株式会社トドオナダは、LLM認知確認ツール「ディギディギ」に「RAG発火測定」と「RAGシミュレーター」を追加しました。
LLMが検索するかに加え、検索時のクエリや参照記事、回答まで確認できます。
GPTとClaudeに同一の検索基盤を接続し、モデル間の比較にも対応します。
記事の概要
新機能は、LLMが事前学習の知識で答えるか、Web検索に頼るかを測定する機能です。
RAG発火測定では、カテゴリに関する質問に対して検索ツールを呼び出そうとした回数を表示します。
想起集合とは、LLMが質問を受けて思い浮かべる対象の集合です。
同社の2026年8月31日発表の調査などでは、LLMは多くのカテゴリで検索せず、想起記憶で回答していました。
検索が実行された場合も、検索クエリの85.8%は「人気 ランキング」などの現行確認型でした。
検索クエリには、LLMが検索前から想起しているメーカー名や商品名、型番が含まれるとしています。
RAGシミュレーターでは、検索クエリの発行順や検索意図、参照記事、検索後に生成した回答を確認できます。
ディギディギは月額1万円で、Qlipper利用者はプラン制限付きで無料です。
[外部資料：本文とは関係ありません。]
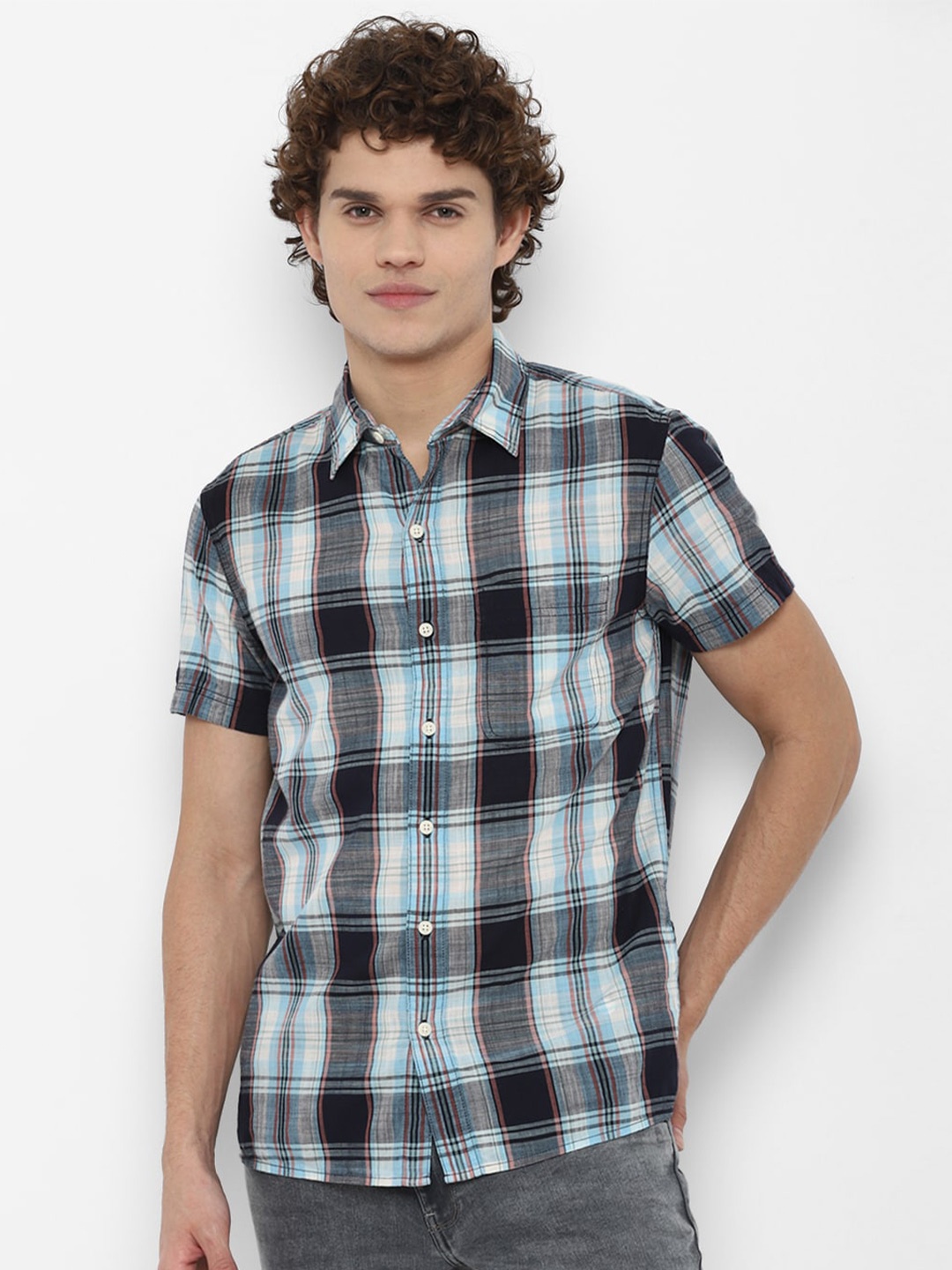 

AMERICAN EAGLE OUTFITTERS Men Blue Tartan Checks Checked Casual Shirt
RAGシミュレーターには実行回数の上限があります。
記事のポイント
- 検索依存度を測定: 想起集合の分析と同じ質問で検索ツール付きの試行を行い、RAG発火回数を確認できます。
- 検索過程を再現: LLMが組み立てたクエリや参照記事、検索後の回答まで、試行ごとの実行ログで追跡できます。
- GPTとClaudeに対応: 両モデルに同一の検索基盤を接続し、検索基盤の違いを抑えた比較分析が可能です。
このニュースがもたらす影響
- 導入を検討する企業: LLMO対策に着手する前に、自社カテゴリで検索が起きるか、検索前の想起に自社名が入るかを確認し、施策の優先順位を決めやすくなります。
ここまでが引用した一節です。